==== Data records

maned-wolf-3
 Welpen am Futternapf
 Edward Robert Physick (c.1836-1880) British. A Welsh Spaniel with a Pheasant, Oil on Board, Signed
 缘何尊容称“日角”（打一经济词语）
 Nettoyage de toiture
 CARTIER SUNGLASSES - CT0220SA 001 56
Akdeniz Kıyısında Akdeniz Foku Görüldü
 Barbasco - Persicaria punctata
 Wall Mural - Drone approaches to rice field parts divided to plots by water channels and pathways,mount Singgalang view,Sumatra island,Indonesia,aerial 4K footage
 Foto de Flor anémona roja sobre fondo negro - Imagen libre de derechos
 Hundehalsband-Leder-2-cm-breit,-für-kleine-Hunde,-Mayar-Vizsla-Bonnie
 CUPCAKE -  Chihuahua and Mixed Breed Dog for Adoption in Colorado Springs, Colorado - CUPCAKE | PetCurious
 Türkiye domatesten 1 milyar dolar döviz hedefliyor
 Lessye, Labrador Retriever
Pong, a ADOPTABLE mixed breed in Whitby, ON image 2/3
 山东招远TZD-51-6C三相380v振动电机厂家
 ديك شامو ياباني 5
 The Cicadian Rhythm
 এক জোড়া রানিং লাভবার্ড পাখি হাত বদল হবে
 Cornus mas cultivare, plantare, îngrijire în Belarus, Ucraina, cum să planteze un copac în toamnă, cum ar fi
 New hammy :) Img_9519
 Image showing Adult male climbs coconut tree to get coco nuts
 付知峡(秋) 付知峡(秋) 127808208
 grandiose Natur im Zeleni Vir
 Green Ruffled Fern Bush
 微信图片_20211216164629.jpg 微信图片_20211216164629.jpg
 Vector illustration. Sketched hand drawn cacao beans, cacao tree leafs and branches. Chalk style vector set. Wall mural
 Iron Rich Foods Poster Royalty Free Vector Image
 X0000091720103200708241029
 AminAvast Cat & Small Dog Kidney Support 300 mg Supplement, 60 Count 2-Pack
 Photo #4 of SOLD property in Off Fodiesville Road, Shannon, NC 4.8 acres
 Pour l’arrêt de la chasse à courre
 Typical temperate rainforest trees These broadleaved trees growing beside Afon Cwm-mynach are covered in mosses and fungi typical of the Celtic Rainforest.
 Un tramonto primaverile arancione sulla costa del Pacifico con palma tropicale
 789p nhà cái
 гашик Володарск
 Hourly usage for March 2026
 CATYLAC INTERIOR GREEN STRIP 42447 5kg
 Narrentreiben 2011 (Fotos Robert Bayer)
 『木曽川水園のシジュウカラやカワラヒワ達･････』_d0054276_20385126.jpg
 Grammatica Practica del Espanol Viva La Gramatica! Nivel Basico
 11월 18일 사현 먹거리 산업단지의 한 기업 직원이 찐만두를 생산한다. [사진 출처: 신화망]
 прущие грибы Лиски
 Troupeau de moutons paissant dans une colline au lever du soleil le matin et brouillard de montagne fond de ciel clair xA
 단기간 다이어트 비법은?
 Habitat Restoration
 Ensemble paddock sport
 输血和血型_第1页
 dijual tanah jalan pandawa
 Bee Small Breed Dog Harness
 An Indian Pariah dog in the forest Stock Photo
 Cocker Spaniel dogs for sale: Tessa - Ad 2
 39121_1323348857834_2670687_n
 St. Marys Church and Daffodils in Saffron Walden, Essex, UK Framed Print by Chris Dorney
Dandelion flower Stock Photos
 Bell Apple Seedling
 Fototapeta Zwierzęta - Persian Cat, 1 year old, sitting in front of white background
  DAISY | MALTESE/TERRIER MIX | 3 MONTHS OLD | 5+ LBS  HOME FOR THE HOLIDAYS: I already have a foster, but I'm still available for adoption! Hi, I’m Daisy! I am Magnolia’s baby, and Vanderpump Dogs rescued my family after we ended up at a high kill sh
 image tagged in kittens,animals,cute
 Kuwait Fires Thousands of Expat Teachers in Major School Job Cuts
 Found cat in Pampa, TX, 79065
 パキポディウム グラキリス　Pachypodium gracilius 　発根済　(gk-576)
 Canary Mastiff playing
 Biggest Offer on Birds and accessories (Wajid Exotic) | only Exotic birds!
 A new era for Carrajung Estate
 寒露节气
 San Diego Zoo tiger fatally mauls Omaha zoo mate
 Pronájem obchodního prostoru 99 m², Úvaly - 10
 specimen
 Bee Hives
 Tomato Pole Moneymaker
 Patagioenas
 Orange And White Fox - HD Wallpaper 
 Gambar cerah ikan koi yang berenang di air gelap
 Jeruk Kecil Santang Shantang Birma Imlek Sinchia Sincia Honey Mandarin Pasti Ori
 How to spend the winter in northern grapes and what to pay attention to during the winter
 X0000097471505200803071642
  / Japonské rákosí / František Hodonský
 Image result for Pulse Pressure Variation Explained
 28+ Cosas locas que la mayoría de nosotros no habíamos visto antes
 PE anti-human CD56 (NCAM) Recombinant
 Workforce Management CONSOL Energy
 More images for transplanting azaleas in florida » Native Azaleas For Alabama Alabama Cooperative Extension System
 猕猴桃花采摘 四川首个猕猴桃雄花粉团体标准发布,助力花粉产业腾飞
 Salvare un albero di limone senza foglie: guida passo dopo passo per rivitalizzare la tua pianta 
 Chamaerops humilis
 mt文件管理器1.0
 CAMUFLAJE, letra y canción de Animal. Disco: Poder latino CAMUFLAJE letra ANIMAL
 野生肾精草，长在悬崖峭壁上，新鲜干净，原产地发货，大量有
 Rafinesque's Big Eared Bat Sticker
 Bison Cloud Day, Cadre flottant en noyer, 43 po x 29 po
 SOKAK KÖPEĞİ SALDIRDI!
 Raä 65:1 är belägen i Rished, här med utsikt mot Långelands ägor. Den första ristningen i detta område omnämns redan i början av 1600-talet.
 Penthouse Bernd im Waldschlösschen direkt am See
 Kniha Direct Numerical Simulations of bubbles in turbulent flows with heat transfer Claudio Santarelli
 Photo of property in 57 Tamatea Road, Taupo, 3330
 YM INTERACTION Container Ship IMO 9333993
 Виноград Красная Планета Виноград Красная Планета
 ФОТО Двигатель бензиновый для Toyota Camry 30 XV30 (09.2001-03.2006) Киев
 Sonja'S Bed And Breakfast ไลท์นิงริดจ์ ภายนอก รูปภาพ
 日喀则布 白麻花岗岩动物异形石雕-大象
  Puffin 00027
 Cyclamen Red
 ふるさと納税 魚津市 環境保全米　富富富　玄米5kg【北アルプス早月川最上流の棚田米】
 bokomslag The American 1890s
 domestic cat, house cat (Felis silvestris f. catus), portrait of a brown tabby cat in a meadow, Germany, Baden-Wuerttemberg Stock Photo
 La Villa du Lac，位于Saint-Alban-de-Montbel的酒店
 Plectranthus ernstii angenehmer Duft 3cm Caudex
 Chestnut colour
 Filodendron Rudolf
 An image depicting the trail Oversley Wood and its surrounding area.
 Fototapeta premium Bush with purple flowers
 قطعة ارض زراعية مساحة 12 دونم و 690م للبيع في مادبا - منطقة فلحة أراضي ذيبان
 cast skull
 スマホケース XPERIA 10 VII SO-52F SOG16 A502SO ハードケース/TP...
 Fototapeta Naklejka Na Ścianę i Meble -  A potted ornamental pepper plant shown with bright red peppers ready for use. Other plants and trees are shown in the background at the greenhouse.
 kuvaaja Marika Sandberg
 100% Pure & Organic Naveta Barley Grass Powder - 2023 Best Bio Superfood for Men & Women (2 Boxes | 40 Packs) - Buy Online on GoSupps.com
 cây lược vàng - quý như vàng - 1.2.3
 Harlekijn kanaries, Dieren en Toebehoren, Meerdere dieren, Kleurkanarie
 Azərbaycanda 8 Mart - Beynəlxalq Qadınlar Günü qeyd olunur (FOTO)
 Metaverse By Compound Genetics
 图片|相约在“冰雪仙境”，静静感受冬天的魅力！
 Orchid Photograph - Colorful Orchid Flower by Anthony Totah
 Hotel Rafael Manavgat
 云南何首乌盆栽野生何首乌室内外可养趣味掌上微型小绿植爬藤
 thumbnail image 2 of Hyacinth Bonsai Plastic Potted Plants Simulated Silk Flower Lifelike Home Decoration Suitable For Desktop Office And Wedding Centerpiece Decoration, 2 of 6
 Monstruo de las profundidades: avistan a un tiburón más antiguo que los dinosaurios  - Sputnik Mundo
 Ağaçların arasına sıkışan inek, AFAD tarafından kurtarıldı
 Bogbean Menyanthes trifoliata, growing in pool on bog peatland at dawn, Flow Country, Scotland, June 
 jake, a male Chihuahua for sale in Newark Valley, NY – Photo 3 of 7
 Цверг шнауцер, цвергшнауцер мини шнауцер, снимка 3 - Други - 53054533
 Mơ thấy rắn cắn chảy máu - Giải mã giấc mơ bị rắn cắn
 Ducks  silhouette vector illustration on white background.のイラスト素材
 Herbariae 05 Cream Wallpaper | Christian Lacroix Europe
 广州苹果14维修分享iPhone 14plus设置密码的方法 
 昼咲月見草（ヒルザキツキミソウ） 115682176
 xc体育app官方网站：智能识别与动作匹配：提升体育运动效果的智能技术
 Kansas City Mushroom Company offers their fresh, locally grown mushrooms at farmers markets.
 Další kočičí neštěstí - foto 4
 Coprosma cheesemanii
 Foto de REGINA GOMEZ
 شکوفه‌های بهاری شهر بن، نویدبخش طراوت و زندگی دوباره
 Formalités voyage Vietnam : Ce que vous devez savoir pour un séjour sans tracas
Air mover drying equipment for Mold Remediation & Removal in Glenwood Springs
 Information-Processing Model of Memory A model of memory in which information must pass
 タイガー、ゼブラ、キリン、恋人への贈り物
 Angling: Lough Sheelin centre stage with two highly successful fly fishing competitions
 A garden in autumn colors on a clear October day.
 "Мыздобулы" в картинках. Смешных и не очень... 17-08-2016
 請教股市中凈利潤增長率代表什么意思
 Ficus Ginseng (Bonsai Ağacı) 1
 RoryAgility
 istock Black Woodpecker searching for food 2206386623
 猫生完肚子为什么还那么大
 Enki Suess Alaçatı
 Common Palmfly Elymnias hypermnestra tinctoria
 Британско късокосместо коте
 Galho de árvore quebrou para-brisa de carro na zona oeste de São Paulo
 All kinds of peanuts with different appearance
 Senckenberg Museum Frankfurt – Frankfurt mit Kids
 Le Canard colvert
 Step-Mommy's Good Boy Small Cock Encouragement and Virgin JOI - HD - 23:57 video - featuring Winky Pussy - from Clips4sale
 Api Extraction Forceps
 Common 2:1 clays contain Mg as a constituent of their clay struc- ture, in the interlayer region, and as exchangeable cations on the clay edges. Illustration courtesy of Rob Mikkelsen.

========

### Your task
Write down again, exactly as given, only the lines above that fall from the line with "Canary Mastiff playing" to the line with "bokomslag The American 1890s", inclusive.

### Answer space
 Canary Mastiff playing
 Biggest Offer on Birds and accessories (Wajid Exotic) | only Exotic birds!
 A new era for Carrajung Estate
 寒露节气
 San Diego Zoo tiger fatally mauls Omaha zoo mate
 Pronájem obchodního prostoru 99 m², Úvaly - 10
 specimen
 Bee Hives
 Tomato Pole Moneymaker
 Patagioenas
 Orange And White Fox - HD Wallpaper 
 Gambar cerah ikan koi yang berenang di air gelap
 Jeruk Kecil Santang Shantang Birma Imlek Sinchia Sincia Honey Mandarin Pasti Ori
 How to spend the winter in northern grapes and what to pay attention to during the winter
 X0000097471505200803071642
  / Japonské rákosí / František Hodonský
 Image result for Pulse Pressure Variation Explained
 28+ Cosas locas que la mayoría de nosotros no habíamos visto antes
 PE anti-human CD56 (NCAM) Recombinant
 Workforce Management CONSOL Energy
 More images for transplanting azaleas in florida » Native Azaleas For Alabama Alabama Cooperative Extension System
 猕猴桃花采摘 四川首个猕猴桃雄花粉团体标准发布,助力花粉产业腾飞
 Salvare un albero di limone senza foglie: guida passo dopo passo per rivitalizzare la tua pianta 
 Chamaerops humilis
 mt文件管理器1.0
 CAMUFLAJE, letra y canción de Animal. Disco: Poder latino CAMUFLAJE letra ANIMAL
 野生肾精草，长在悬崖峭壁上，新鲜干净，原产地发货，大量有
 Rafinesque's Big Eared Bat Sticker
 Bison Cloud Day, Cadre flottant en noyer, 43 po x 29 po
 SOKAK KÖPEĞİ SALDIRDI!
 Raä 65:1 är belägen i Rished, här med utsikt mot Långelands ägor. Den första ristningen i detta område omnämns redan i början av 1600-talet.
 Penthouse Bernd im Waldschlösschen direkt am See
 Kniha Direct Numerical Simulations of bubbles in turbulent flows with heat transfer Claudio Santarelli
 Photo of property in 57 Tamatea Road, Taupo, 3330
 YM INTERACTION Container Ship IMO 9333993
 Виноград Красная Планета Виноград Красная Планета
 ФОТО Двигатель бензиновый для Toyota Camry 30 XV30 (09.2001-03.2006) Киев
 Sonja'S Bed And Breakfast ไลท์นิงริดจ์ ภายนอก รูปภาพ
 日喀则布 白麻花岗岩动物异形石雕-大象
  Puffin 00027
 Cyclamen Red
 ふるさと納税 魚津市 環境保全米　富富富　玄米5kg【北アルプス早月川最上流の棚田米】
 bokomslag The American 1890s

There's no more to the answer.